Here is the problem, I think: the entire framework rests on a series of obscure metaphors—outside, part of oneself, “ego-syntonic,” etc. (In a future post, by the way, I hope to write about why I find the ego-syntonic/ego-dystonic distinction problematic.) There is at this point a vast literature on how much of our thinking about illness and disorder rests on such metaphors. These metaphors function rather like loose theories, insofar as one thinks of theories as collections of inferentially-related propositions. So, when I say that labeling something a disorder is treating it as something “outside” of myself, I am really speaking telegraphically. I am trafficking in a dense network of implicit premises. Perhaps, for example, I am saying that the illness is outside of me in the way that the enemy laying siege is outside the city. And since it is the enemy, after all, at the gates, I am obliged to adopt all the old martial virtues and go into battle with courage and honor. The enemy and I are radically different. We hate each other. Peace is impossible. QED.

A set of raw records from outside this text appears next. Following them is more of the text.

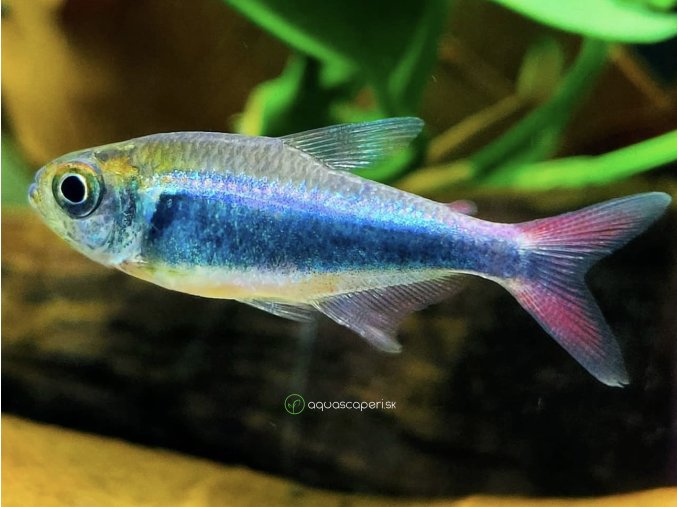 Tetra Red Blue Peru - Hyphessobrycon margitae / red blue Peru
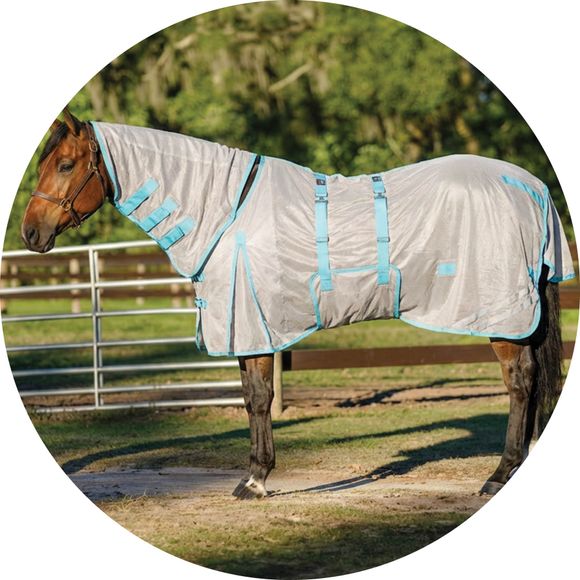 Keep It Cool From Ears to Tail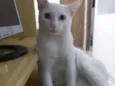 Thomas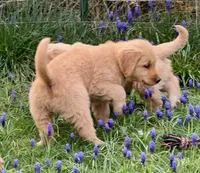 Harry, a male Golden Retriever for sale in Woodstock, CT – Photo 3 of 9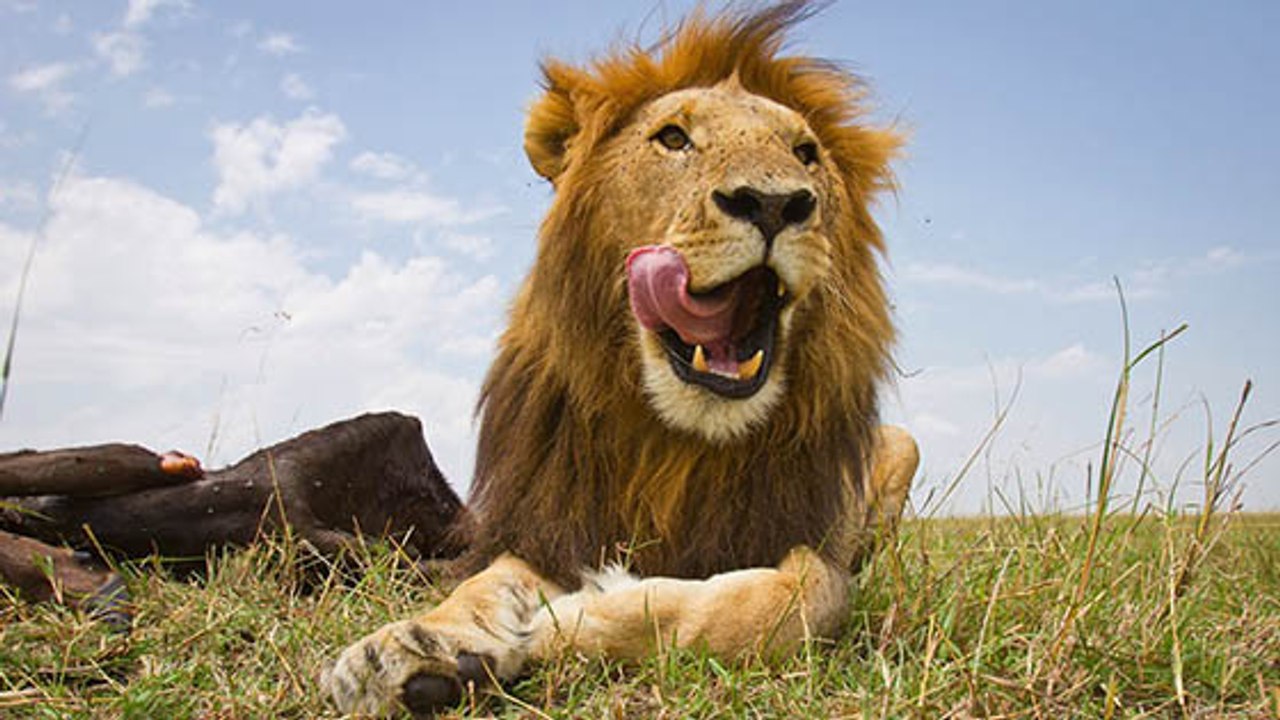 Löwen-Hunger: Grausiger Fund in Naturreservat in Südafrika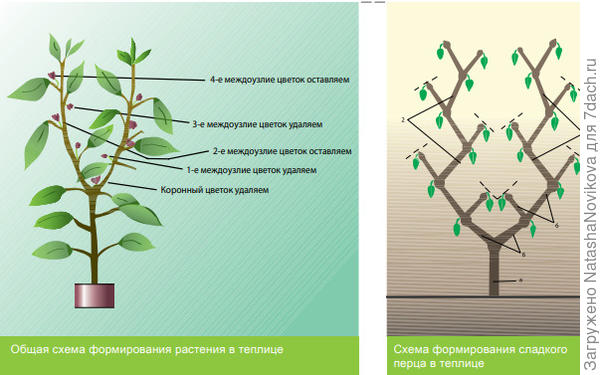 Как формировать перец в теплице фото У перца бутонов много, но он их скидывает. Что делать? - ответы экспертов 7dach.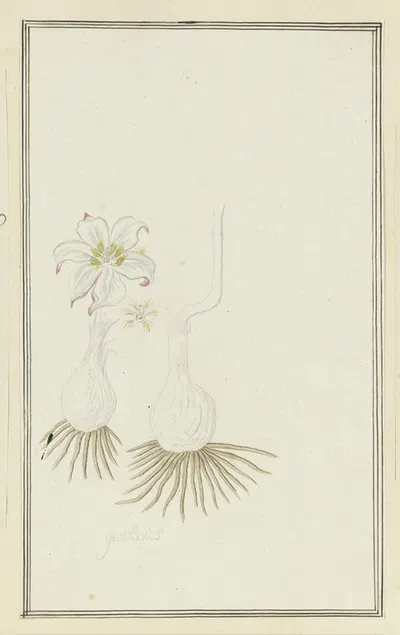 Gethyllis sp. (Kukumakranka) by Robert Jacob Gordon, 1777 - 1786 — digital art print download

A similar problem occurs when we try to clarify what it means to say that a disorder is part of me. All sorts of attitudes are inferential networks are possible here. There are possibilities for what Ian Hacking calls looping effects—taking up psychiatric labels and reworking and reappropriating them while also identifying with them. As the existentialists pointed out, there are many ways to interpret the claim, “This is who I am.”

To close, consider a basic clinical point: some people really like to externalize their condition (“That’s just my OCD talking”). Other people do not like this. Similarly, there is a lively debate about person-first versus what usually gets called “identity-first” language. Is Jackie a person with autism or an autistic person? Advocates of the former contend that the latter reduces a person to autism; advocates of the latter contend that the former implicitly endorses the stigmatizing and shame-engendering attitude that there is something wrong with being autistic. They suggest that they do not aim to “transcend” their autism. Autism or being Deaf (the other area where I think identity-first language has been most robustly defended), it is argued, are integral to the person’s identity, but, crucially, what it means to be autistic or Deaf is not determined from the outside, and not determined once and for all. So too we might suspect that there could be something more complex at work in statement, "My personality disorder is a central part of me" than the idea that what everything I do is explained by personality disorder as understood in, say, DSM-5. 

In short, “personality disorder” is not a contradictio in adjecto, an internally-contradicting expression. There is, however, something that leads us to think it is. What leads us is, I think, altogether more historically- and culturally-specific than we might realize.